If the new guidelines released by the American Heart Association (AHA) and the American College of Cardiology are followed as diligently by the local medical fraternity as in the past, doctors will not concentrate on these numbers, but study the patient’s risk factors before writing out a prescription.

“These guidelines will significantly change the way we treat heart diseases,” said senior heart surgeon Dr Ramakanta Panda. However, a few doctors felt that these guidelines would only help increase the sale of statins—the cholesterol-control drugs that have in the last decade revolutionised cardiac care.

So, why are the new guidelines being hailed as a “tectonic shift” that will “fundamentally reshape” treatment of heart patients? The guidelines make doctors work easy by identifying four groups that need statins immediately: patients with existing heart disease, those with an LDL or “bad” cholesterol level of 190mg/dL or higher, those with Type 2 diabetes and are 40-75 years of age, and those with an estimated 10-year risk of heart disease of 7.5% or higher and are 40-75 years of age.
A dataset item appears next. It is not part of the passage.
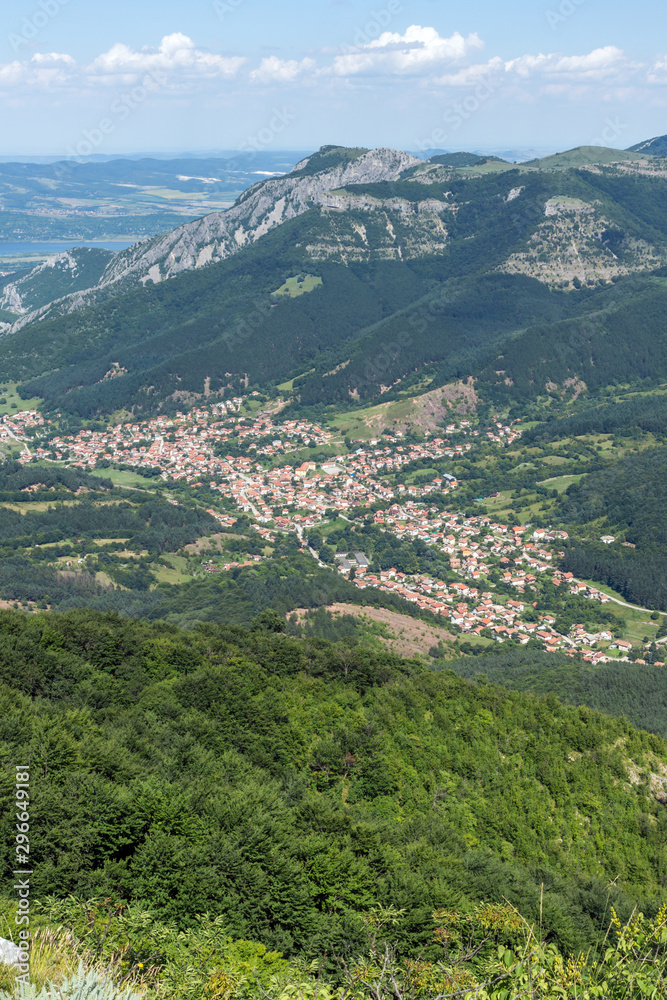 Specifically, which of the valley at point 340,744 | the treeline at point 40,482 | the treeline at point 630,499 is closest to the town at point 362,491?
the valley at point 340,744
Cardiologist Ganesh Kumar from Powai’s L H Hiranandani Hospital said, “Earlier,if a patient had diabetes, we had to bring down his/her levels down to 70. There was a lot of calculation to be done.”

Dr Anoop Misra, chairman of Fortis Centre for Diabetes in Delhi, said the rules have “simplified” previous protocols. 

Endocrinologist Dr Shashank Joshi from Lilavati Hospital said the message is clearly to hit hard and hit early with statins. “There is enough evidence to show that statins work while non-statin drugs are not useful.”

Dr N O Bansal, who heads the cardiology department of JJ Hospital, said that the new guidelines follow the JUPITER trail that began over four years ago. “The trial found that all patients had reduced levels of LDL cholesterol by using a new type of statin.” 

But preventive cardiologist Dr Aashish Contractor felt the rules would act as a windfall for pharma firms. “The risk calculator put out with these guidelines show that most patients over the age of 60 would have a risk factor of 7.5% for heart attack or stroke. In effect, all patients need statins,” he said. 

Dr Bansal conceded that the sale of statins would increase. “But there hasn’t been any drug that has been as effective in controlling cardiovascular diseases. Its worse side-effect is muscular pain.” 

Some experts also felt the need for desi guidelines. “The Indian cholesterol is different from other ethnic groups. We eat a diet rich in carbohydrates unlike the West, where red meat and protein are preferred. We are more sedentary than others. It is time we developed our own guidelines,” Dr Shashank Joshi said.